▶ [Task details]: If pictures appear in the lines below, skip them and copy exactly the lines from the one containing "Marcus Marcus The Worm GIF" through the one containing "Dal Duomo Al", and nothing else.

▶ [Records]:

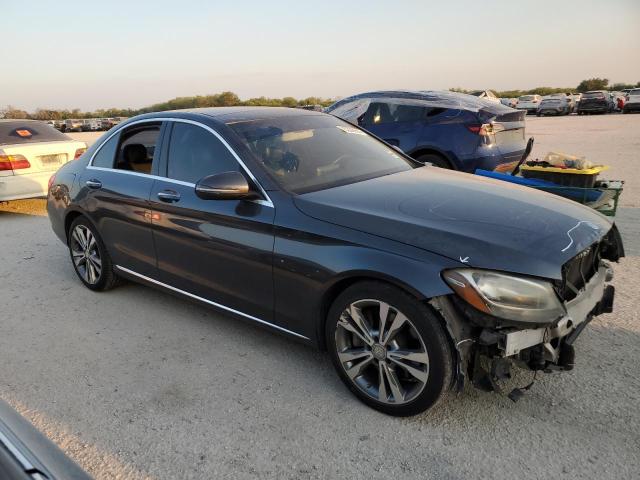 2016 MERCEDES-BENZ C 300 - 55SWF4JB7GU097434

==

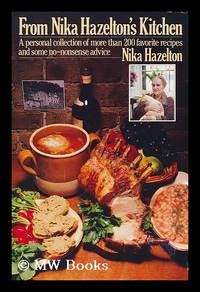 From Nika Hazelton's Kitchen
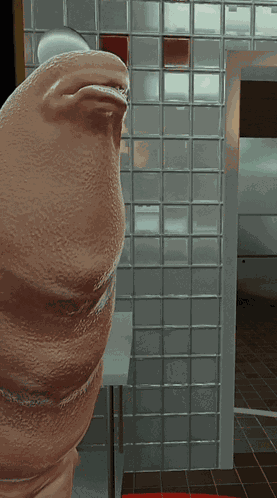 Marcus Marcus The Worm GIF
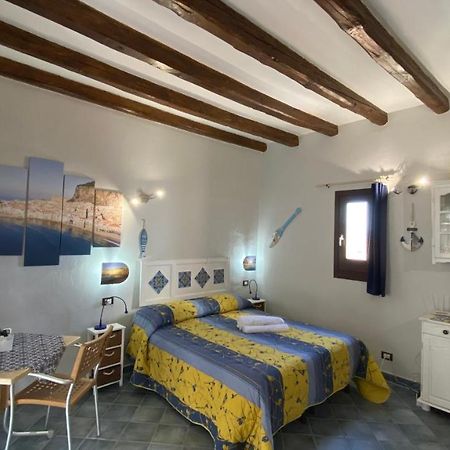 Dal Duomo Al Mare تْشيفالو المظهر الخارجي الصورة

...

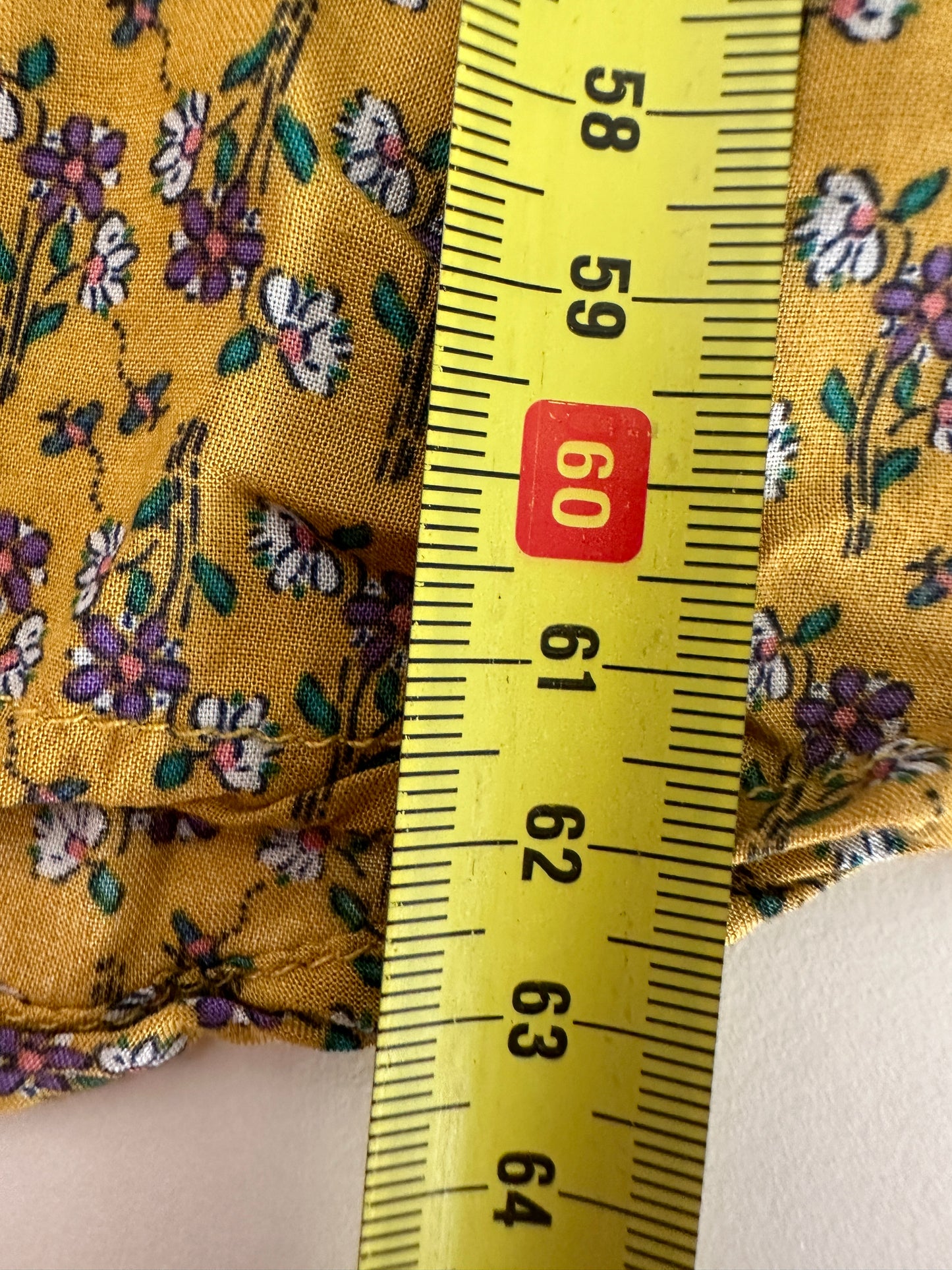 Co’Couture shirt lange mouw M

▶ [Completed task]:
 Marcus Marcus The Worm GIF
 Dal Duomo Al Mare تْشيفالو المظهر الخارجي الصورة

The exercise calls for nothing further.